Viewing the evidence and the inferences which might be reasonably drawn therefrom most favorably to plaintiff, the jury could have found the following facts:
Plaintiff was assigned in June 1970 to patrol Liberty State Park in Jersey City, then consisting of a tract of approximately 260 acres in area forming a half-mile wide strip immediately adjacent to the Hudson River. A portion of the tract had been leased by the State to defendant pursuant to a special use permit enabling it to conduct thereon a salvage business in respect of the disused bulkheads and piers and their appurtenances which remained within the park area. Liberty's operations included the dismantling of these structures, the preparation of the salvaged timber into saleable units, and the conversion of the balance into wood chips and sawdust. Its use of the premises included, among other things, a mill area as well as a warehouse building, a portion of which it used for storing heavy machinery and equipment and a portion of which, by agreement with the State, was used by plaintiff as his ranger station and personal quarters. Access to the Liberty premises was provided by a public thoroughfare known variously as Caven Point Road and Burma Road, which joined an unpaved dirt road running across at least a portion of the premises and connecting, among other locations, the mill area and the warehouse building. The jury could also have found that the use of this dirt road by Liberty's heavy equipment and
vehicles caused deep ruts therein, which it filled with sawdust impregnated with creosote, a wood preservative which had been used to protect the original piers. According to plaintiff's expert, creosoted timber is very slippery, especially when wet, and obviously not reasonably or properly usable as a road-filling material.

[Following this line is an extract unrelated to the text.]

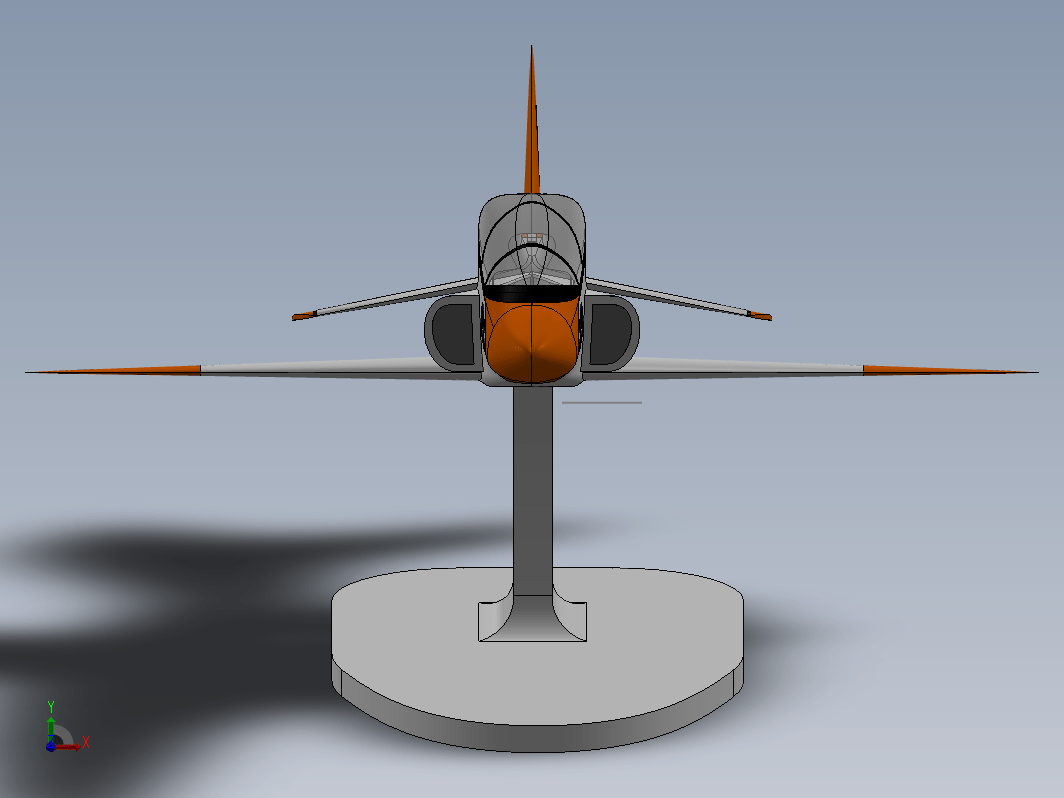 T-45苍鹰教练机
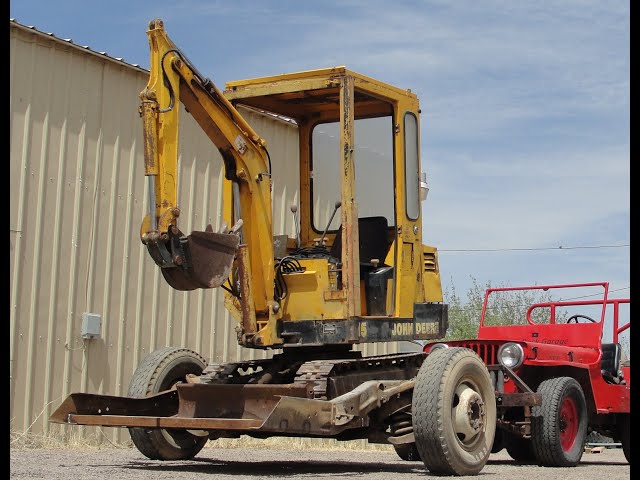 Homemade Lowboy Trailer, With Bonus Seized Engine Revival! class=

The jury could have further found that plaintiff's duties included the patrolling not only of the state-occupied park area, but also of all leased premises in order to assure that the lessees were complying both with the terms of their respective special use permits and with applicable state and local ordinances and regulations. Plaintiff, of course, was present daily on Liberty's premises, not only to regularly patrol and inspect them but also to use the ranger station, to which he returned several times a day to make a telephone report to his superiors. He inevitably was aware of Liberty's use of the creosoted sawdust on the roadway and of the hazard it created, and in fact complained about it on several occasions to Liberty's agents and reported this condition to his superiors. The roadway in question was used not only by plaintiff and Liberty's employees but also at lease by Liberty's customers and by contractors retained by Liberty to repair its vehicles and equipment. The jury, finally, could have found that the accident occurred when plaintiff returned in his truck from a patrol in order to use the telephone in the ranger station. He parked the truck within a reasonable distance of the building, and despite his caution and care in traversing the slippery roadway, nevertheless fell, seriously injuring his left knee.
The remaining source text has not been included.